§ **Source records**:
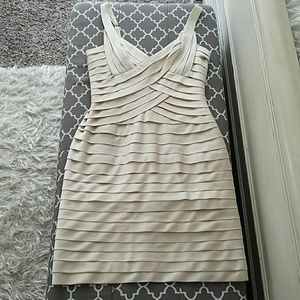 BCBGMAXAZRIA beige tiered cocktail dress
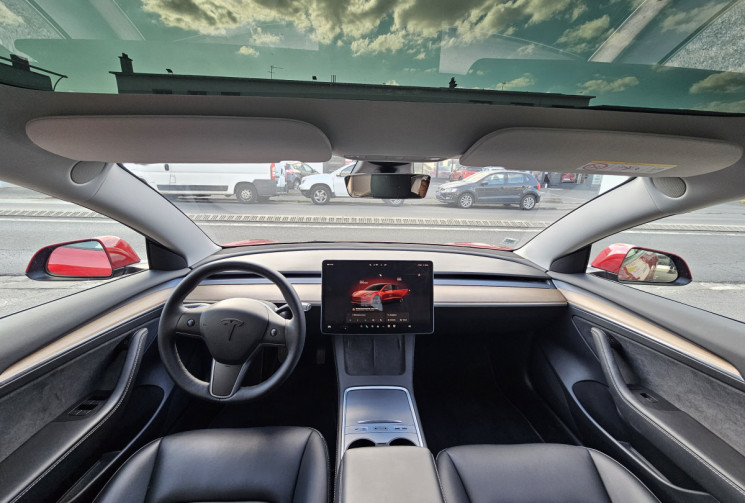 Tesla Model 3 Standard RWD Plus MY22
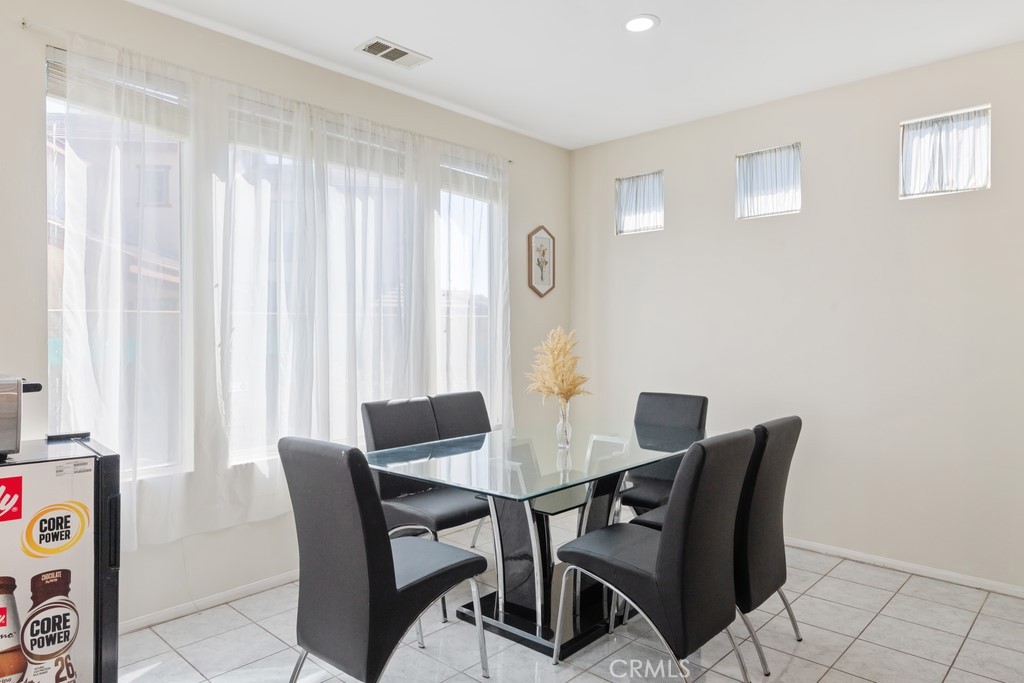 MLS #OC25166574 img 7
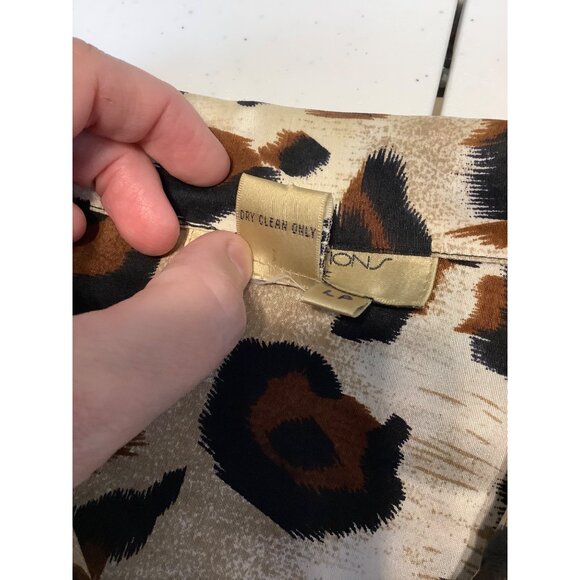 Vtg 90s Transitions Womens Petite Large Leopard Print 100% Silk Button Up Blouse - Picture 8 of 9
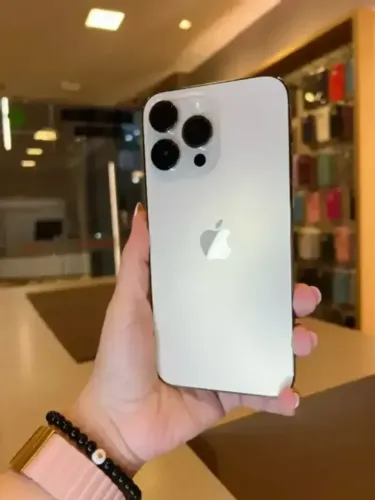 iPhone 13 Pro Max 256GB Prata / Seminovo / 92% Bateria / Retirada em Loja Física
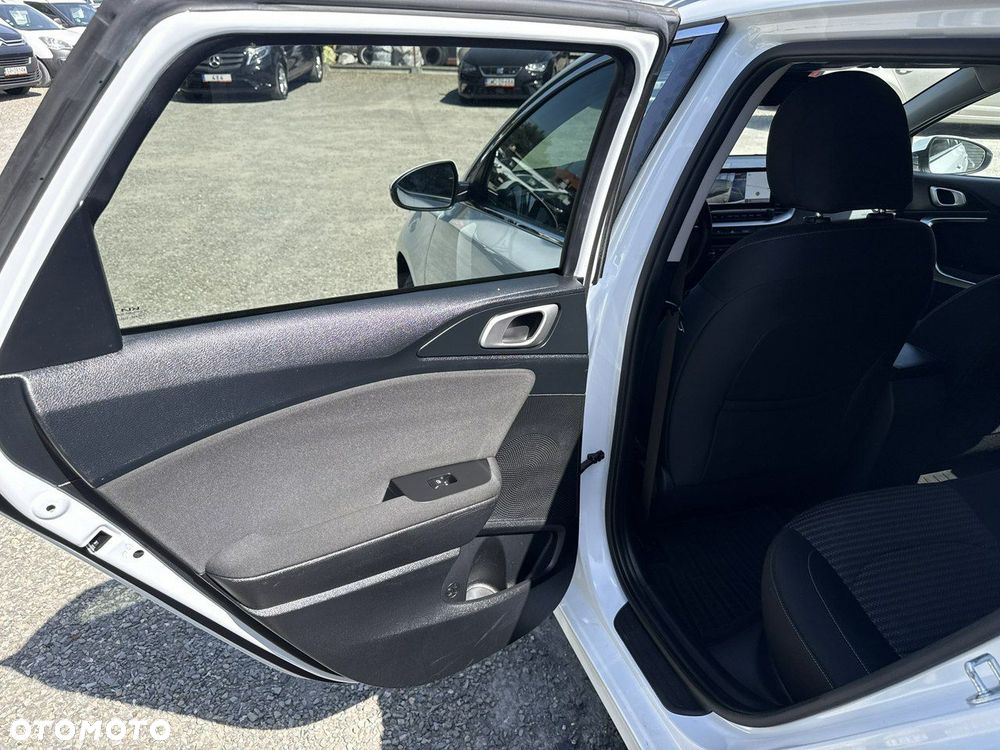 Kia Ceed - 17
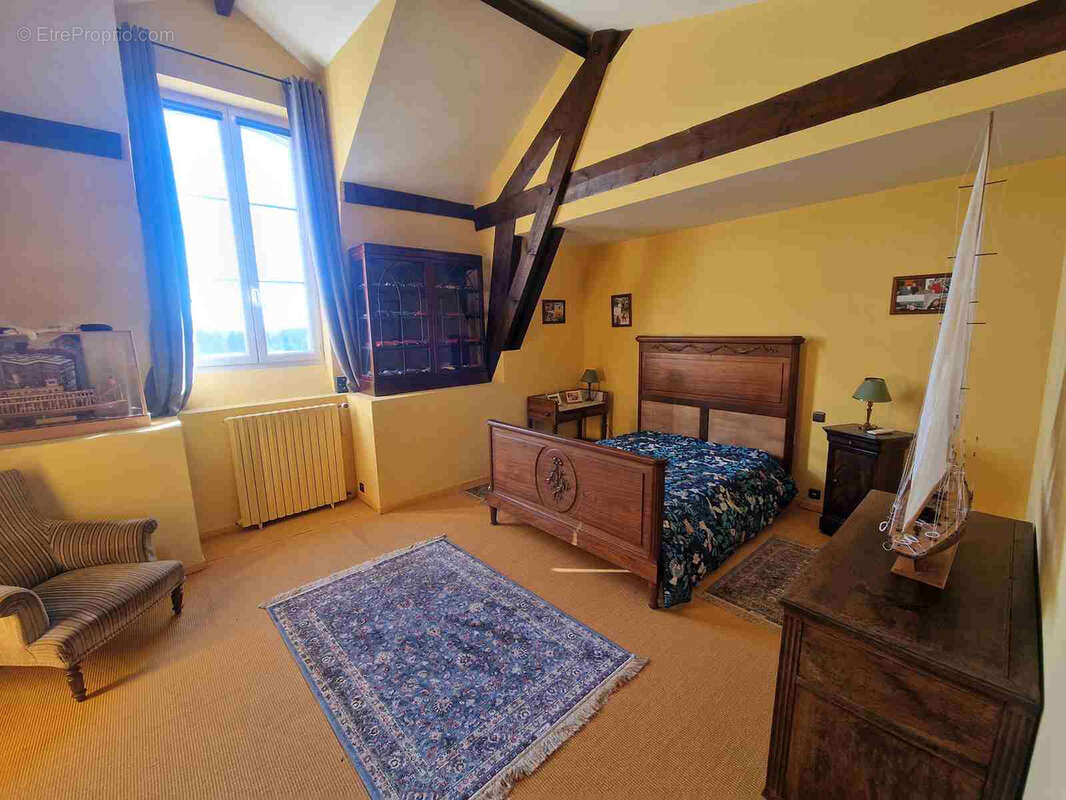 Maison de maître avec dépendances et piscine - photo 26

§ **Exercise brief**: Return the lines from the one containing "Tesla Model 3 Standard RWD Plus MY22" through the last line of the records, both included, exactly as written and with no pictures.

§ **Written solution**:
 Tesla Model 3 Standard RWD Plus MY22
 MLS #OC25166574 img 7
 Vtg 90s Transitions Womens Petite Large Leopard Print 100% Silk Button Up Blouse - Picture 8 of 9
 iPhone 13 Pro Max 256GB Prata / Seminovo / 92% Bateria / Retirada em Loja Física
 Kia Ceed - 17
 Maison de maître avec dépendances et piscine - photo 26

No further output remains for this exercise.